Richard Huxton <dev@archonet.com> writes:
> Brian Wipf wrote:
>> Both servers have identical Intel processors and both are running 64-bit
>> PostgreSQL 8.2.4. The original server is running 64-bit openSUSE 10.2
>> (Linux 2.6.18.2-34-default #1 SMP Mon Jul 16 01:16:32 GMT 2007 x86_64
>> x86_64 x86_64 GNU/Linux) and the new server is running Mac OS X Leopard
>> Server.
> This isn't necessarily safe. If your setup isn't *identical* then you
> need to do a lot of checking to make sure this will work.

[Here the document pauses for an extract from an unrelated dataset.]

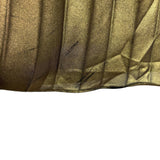 By Together Metallic Bronze Pleated Skirt - Size L (See Notes)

PG 8.2 does store data in the pg_control file with which it can check
for the most common disk-format-incompatibility problems (to wit,
endiannness, maxalign, and --enable-integer-datetimes). If Brian has
stumbled on another such foot-gun, it'd be good to identify it so we
can think about adding more checking.
Noting that one of the columns in the corrupted index was varchar,
I am wondering if the culprit could have been a locale/encoding problem
of some sort. PG tries to enforce the same LC_COLLATE and LC_CTYPE
values (via pg_control entries) but when you are migrating across
widely different operating systems like this, identical spelling of
locale names proves damn near nothing.
What are the settings being used, anyway? (pg_controldata can tell
you.) Try using sort(1) to sort the values of product_id_from_source on
both systems, in that locale, and see if you get the same sort ordering.